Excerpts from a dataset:
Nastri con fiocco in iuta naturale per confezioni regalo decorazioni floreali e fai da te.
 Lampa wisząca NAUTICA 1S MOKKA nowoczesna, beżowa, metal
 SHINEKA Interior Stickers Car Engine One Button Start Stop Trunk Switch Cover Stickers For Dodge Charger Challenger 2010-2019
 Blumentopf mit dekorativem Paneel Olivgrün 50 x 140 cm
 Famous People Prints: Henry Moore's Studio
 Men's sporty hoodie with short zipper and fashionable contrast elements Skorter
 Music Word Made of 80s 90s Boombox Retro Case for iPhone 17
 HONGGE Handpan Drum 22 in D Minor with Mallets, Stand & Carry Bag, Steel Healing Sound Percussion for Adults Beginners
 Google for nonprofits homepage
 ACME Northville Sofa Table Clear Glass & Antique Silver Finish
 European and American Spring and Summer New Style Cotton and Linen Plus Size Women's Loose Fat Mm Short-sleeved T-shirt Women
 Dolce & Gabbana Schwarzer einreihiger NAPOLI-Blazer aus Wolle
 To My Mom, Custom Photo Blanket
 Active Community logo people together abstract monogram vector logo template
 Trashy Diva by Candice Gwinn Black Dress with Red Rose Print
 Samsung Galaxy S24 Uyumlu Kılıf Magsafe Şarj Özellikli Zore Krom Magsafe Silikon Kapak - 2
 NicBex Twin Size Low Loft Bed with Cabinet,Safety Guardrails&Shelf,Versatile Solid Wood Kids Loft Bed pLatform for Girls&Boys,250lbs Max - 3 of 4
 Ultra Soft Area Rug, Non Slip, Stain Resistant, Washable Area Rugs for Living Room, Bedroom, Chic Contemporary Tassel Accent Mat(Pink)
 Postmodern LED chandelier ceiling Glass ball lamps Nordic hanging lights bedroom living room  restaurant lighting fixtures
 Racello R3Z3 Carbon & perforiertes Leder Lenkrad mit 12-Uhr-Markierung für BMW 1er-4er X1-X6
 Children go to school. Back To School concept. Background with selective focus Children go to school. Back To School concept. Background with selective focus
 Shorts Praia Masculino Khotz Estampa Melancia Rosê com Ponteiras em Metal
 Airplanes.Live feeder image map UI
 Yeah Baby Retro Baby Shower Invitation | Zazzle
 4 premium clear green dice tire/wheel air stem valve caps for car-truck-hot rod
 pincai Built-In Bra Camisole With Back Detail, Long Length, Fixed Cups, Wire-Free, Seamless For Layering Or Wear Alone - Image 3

WHAT TO PRODUCE: Output an exact copy of the lines from the one holding "Racello R3Z3 Carbon" to the last line of the data, inclusive, and nothing beyond that range.

SOLUTION TO THIS TASK:
 Racello R3Z3 Carbon & perforiertes Leder Lenkrad mit 12-Uhr-Markierung für BMW 1er-4er X1-X6
 Children go to school. Back To School concept. Background with selective focus Children go to school. Back To School concept. Background with selective focus
 Shorts Praia Masculino Khotz Estampa Melancia Rosê com Ponteiras em Metal
 Airplanes.Live feeder image map UI
 Yeah Baby Retro Baby Shower Invitation | Zazzle
 4 premium clear green dice tire/wheel air stem valve caps for car-truck-hot rod
 pincai Built-In Bra Camisole With Back Detail, Long Length, Fixed Cups, Wire-Free, Seamless For Layering Or Wear Alone - Image 3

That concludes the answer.